Adobe Systems Incorporated [Navigation Bar]
Main Topics
Header

Unicode and Glyph Names

[ Document version 1.1. Last updated 17 December 1998 ]


  1. Introduction
  2. Glyph naming
    1. Maximum name length and permissible characters
    2. The uni<CODE> glyph naming convention
    3. How to name glyphs
      1. Standard UV
      2. CUS UV
      3. Non-Unicode ligature
      4. Non-Unicode glyphic variant
      5. All others
    4. Additional notes
  3. Extracting Unicode semantics from glyph names
    1. Algorithm
    2. Populating a Unicode space
    3. Search and copy/paste facilities
  4. Adobe Glyph List notes
    1. Character sets covered
    2. Corporate Use subarea
    3. Double-mappings
  5. Document changes


1. Introduction

This document describes Adobe(R)'s PostScript(R) glyph naming conventions in the context of Unicode. The purpose of these conventions is to attach standardized semantics to glyph names, including glyphs that represent characters that don't have standard Unicode values (UVs) like certain ligatures or glyphic variants.

Two perspectives are presented: that of the font developer, when deciding what to name the glyphs in a font; and that of any process that needs to extract Unicode semantics from glyph names, such as a Type 1-to-OpenType converter when creating a Unicode 'cmap', or the search facility in an application that does not use OpenType layout tables.

The 3 data files referred to in this document are:

  • "The Adobe Glyph List" (AGL). This maps approximately 1000 glyph names to standard or Corporate Use subarea (CUS) UVs. For more details, including double-mapped glyphs and industry standard character sets covered by the list, see section 4.

  • "Unicode's Corporate Use Subarea as used by Adobe." These assignments cover characters such as small capitals which are commonly used in Adobe fonts but are not part of the Unicode Standard. This data file also provides Unicode-style character decompositions for many of these assignments. For more details, see section 4.b.

  • "Zapf Dingbats Glyph Names and UVs." This list should be used only for the font Zapf Dingbats, as described in section 3.a.

The Unicode Standard 2.1 has been used in this document and related data files, except for the 4 characters mentioned in the header of the AGL data file.


2. Glyph naming

Font developers should follow these guidelines in all cases where glyph names are needed: Type 1 fonts, OpenType fonts with non-CID-keyed CFF data, and TrueType fonts and OpenType fonts with TrueType data that contain 'post' tables with implicit or explicit glyph names.

2.a.
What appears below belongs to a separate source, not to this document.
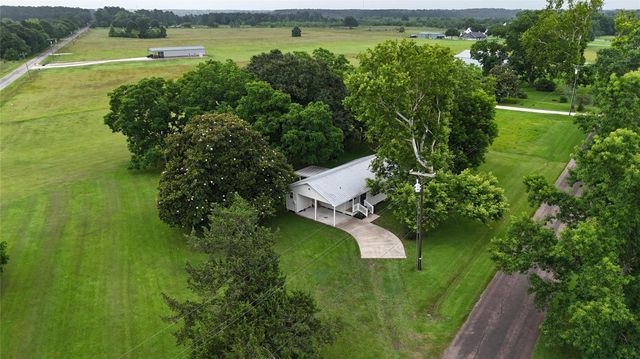 2710 County Road 2274, Cleveland, TX 77327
Maximum name length and permissible characters

A glyph name may be up to 31 characters in length, must be entirely comprised of characters from the following set:

    A-Z
    a-z
    0-9
    . (period)
    _ (underscore)

and must not start with a digit or period. The only exception is the special character ".notdef".

"twocents", "a1", and "_" are valid glyph names. "2cents" and ".twocents" are not.
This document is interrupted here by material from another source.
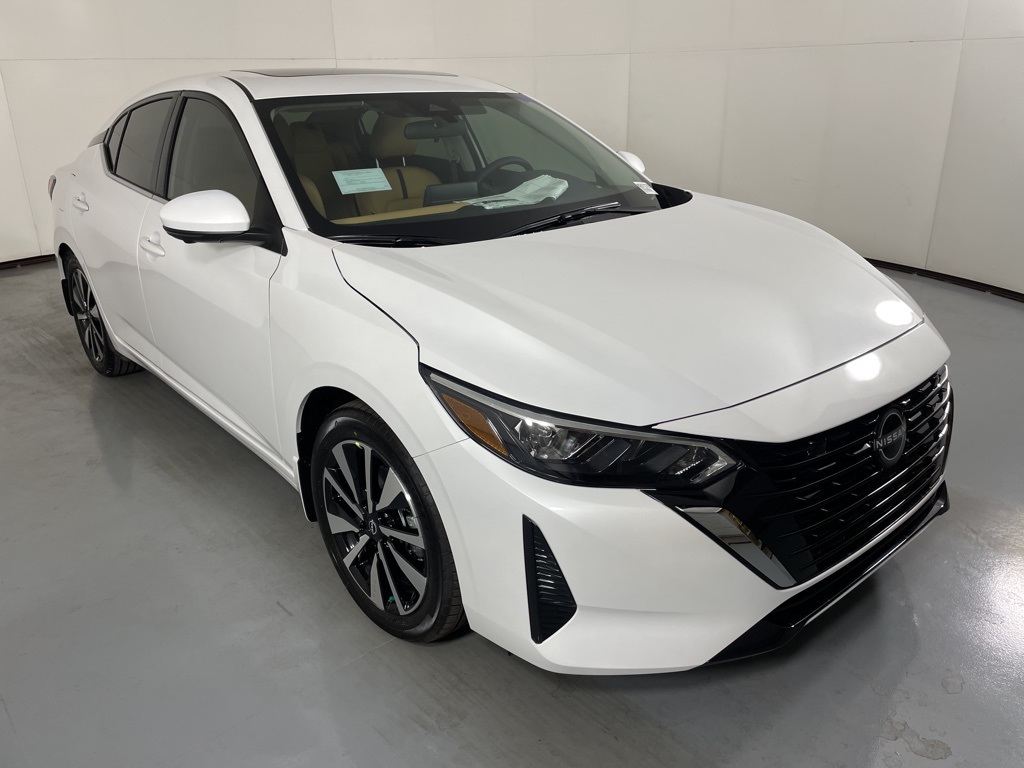 2025 Nissan Sentra SV photo 2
2.b. The uni<CODE> glyph naming convention

In certain situations described in this document, a glyph needs to be named according to the uni<CODE> convention.
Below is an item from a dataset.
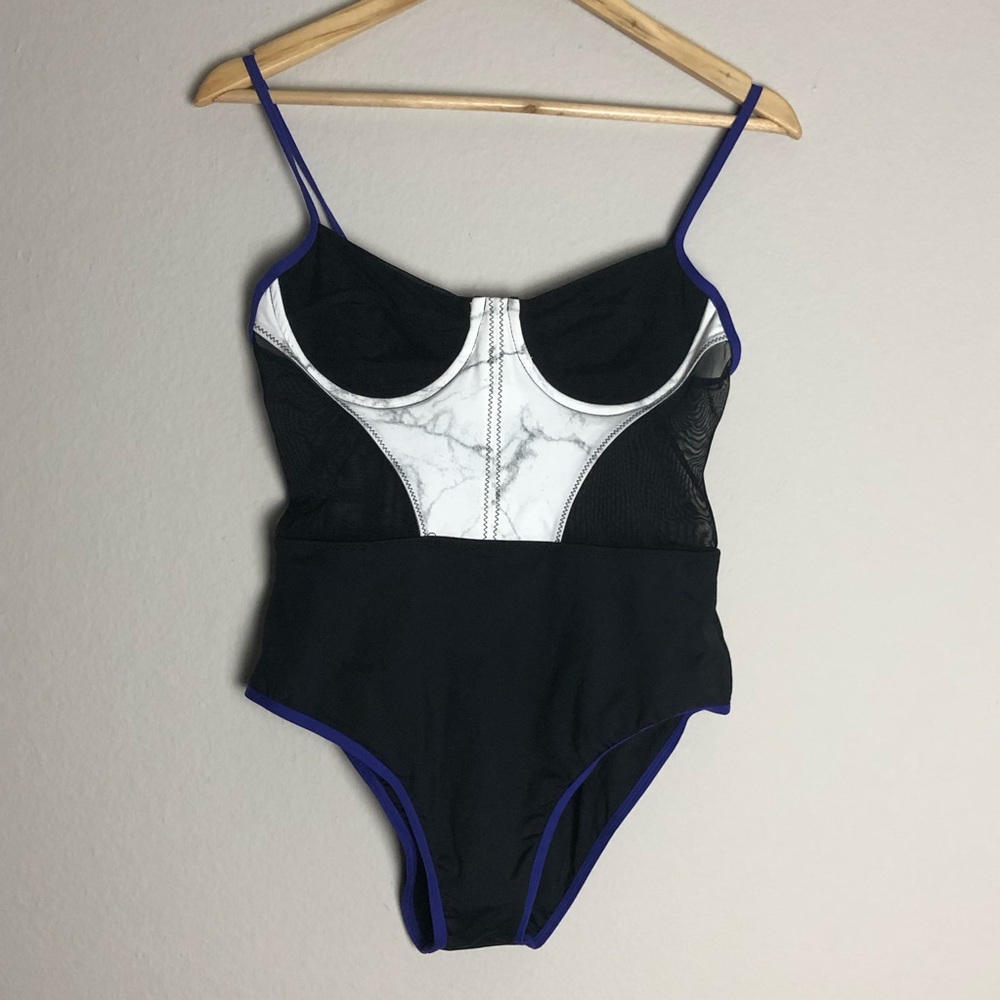 Elegant Black and White One-Piece Swimsuit - Picture 3 of 8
This means that the glyph name should be of the format "uni<CODE>", where <CODE> is the glyph's UV represented as a 4-digit uppercase hexadecimal number. The "uni" component must be lowercase.

For example, the uni<CODE> glyph name for U+054A, ARMENIAN CAPITAL LETTER PEH, should be "uni054A".

2.c. How to name glyphs

Each step below should be considered, in order, until a name is assigned to a particular glyph. The process should be repeated for every glyph.

In order to verify the choice of glyph name, the result of applying the algorithm in section 3.a to the glyph name can be compared with the intended meaning.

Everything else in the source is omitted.